‘I Don’t Want to Run a Grocery Store’

This article is the first of a two-part piece. Part two published Thursday.

According to six former employees of Harvest Moon Food Co-op in Long Lake, the co-op is saddled with debt and morale is low. Wage theft is rampant and conditions within the store have deteriorated. By the end of August, the board had begun firing managers and took the unprecedented step of taking over the day to day operations of the store.  

Of the employees that came forward, five of the six are former managers, giving them a unique insight into the general operations and conditions of the store and the activities of the board. They had all quit or been fired in the last several months.

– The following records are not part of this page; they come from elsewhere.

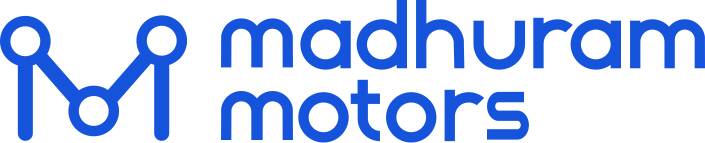 Madhuram Motors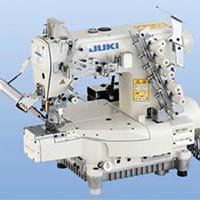 Industrial Sewing Machine (Juki MEB -3810)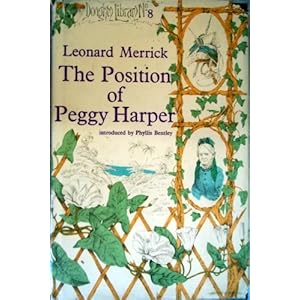 [Ars Philosopha] | On Suicide, by Clancy.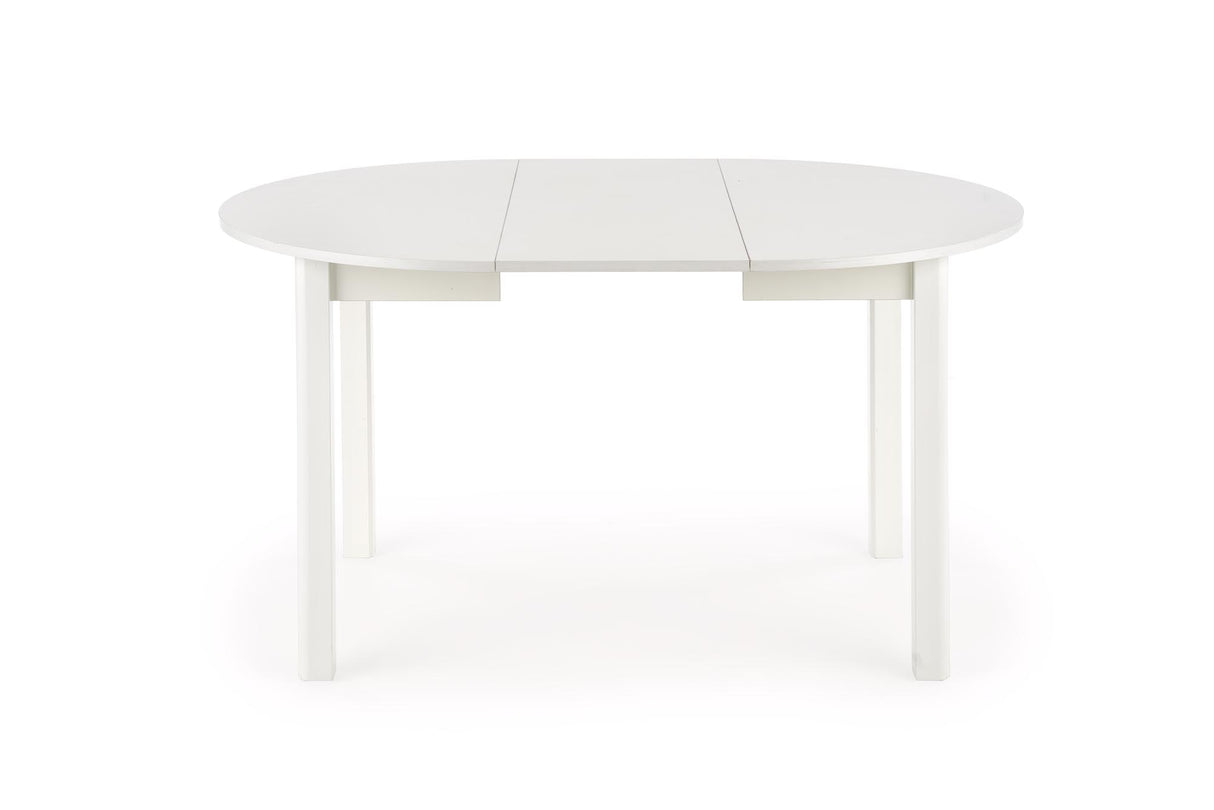 Dining Table HA6558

All sources that spoke to Workday did so on the condition of anonymity for fear of retaliation since they intend to continue working in the grocery industry. These sources also provided emails and a host of other internal documents that corroborate their assertions and allegations.

It took some time for sources to come forward after initially speaking with Workday several months ago. It was only after Harvest Moon starting firing managers in late 2019 did they feel it necessary to speak on the record. 

Workday sources indicate that Board Chair Gregory Reynolds has taken over unilateral control of day-to-day decisions at the co-op. However, before being fired, one manager had an email dispute with Reynolds wherein Reynolds wrote that he was not looking to take over the store, stating, “I don’t want to run a grocery store.”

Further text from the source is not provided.